Tujuh komoditas tersebut adalah tekstil dan produk tekstil (TPT), produk tekstil lainnya, elektronik, alas kaki, pakaian, keramik, dan produk kosmetik atau kecantikan. Penetapan ketujuh komoditas itu, kata Zulhas, langsung oleh Presiden Joko Widodo (Jokowi) dalam rapat terbatas (ratas) yang digelar beberapa waktu lalu.
"Ini menjadi perhatian Bapak Presiden dan hampir seluruh menteri. Karena beberapa industri tekstil kita tutup dan beberapa merumahkan. Ada juga beberapa industri keramik yang terancam gulung tikar dan sudah merumahkan," kata Zulhas.
"Karena itu, Bapak Presiden sekitar 2 minggu lalu memimpin ratas untuk membahas langkah apa yang harus segera dilakukan. Ada 7 komoditas yang jadi prioritas. 7 komoditas ini diminta diperhatikan. Karena itu diputuskan, akan diambil langkah yang sesuai hukum internasional berlaku," paparnya.
Langkah tersebut, lanjut Zulhas, berupa pengenaan bea masuk anti dumping (BMAD) dan bea masuk tindakan pengamanan (BMTP) atas impor barang-barang 7 komoditas prioritas perlindungan pasar domestik.
"Di sini ada yang namanya KADI. Nanti hasilnya bea masuk anti dumping. Ada KPPI, hasilnya bea masuk tindakan pengamanan (BMTP). Skemanya, akan melihat betul impor selama 3 tahun terakhir. Kalau melonjak terus, ada ukuran-ukuran tertentu, bisa dikenakan BMTP atau BMAD. Bisa salah satu, bisa keduanya sekaligus, boleh," kata Zulhas.

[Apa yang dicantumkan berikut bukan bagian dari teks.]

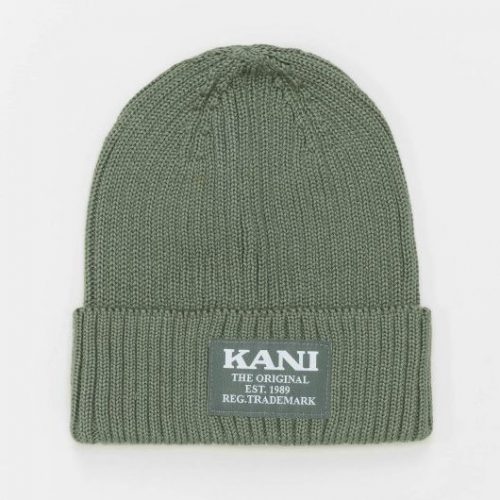 KARL KANI WOVEN RETRO CLASSIC BEANIE DUSTY GREEN ONE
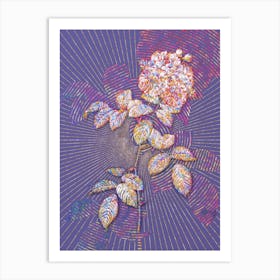 Geometric Seven Sisters Roses Mosaic Botanical Art on Veri Peri Art Print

"Prosedurnya, KADI melihat impor 7 komoditas tadi selama 3 tahun terakhir seperti apa. Kalau terus naik dan melonjak hingga mengancam industri dalam negeri yang di bidang itu. Nanti kita putuskan, KPPI atau KADI bisa mengenakan bea masuk. Ini boleh. Negara lain pun bisa melakukan hal sama karena ini perjanjian internasional, kesepakatan WTO," tegas Zulhas.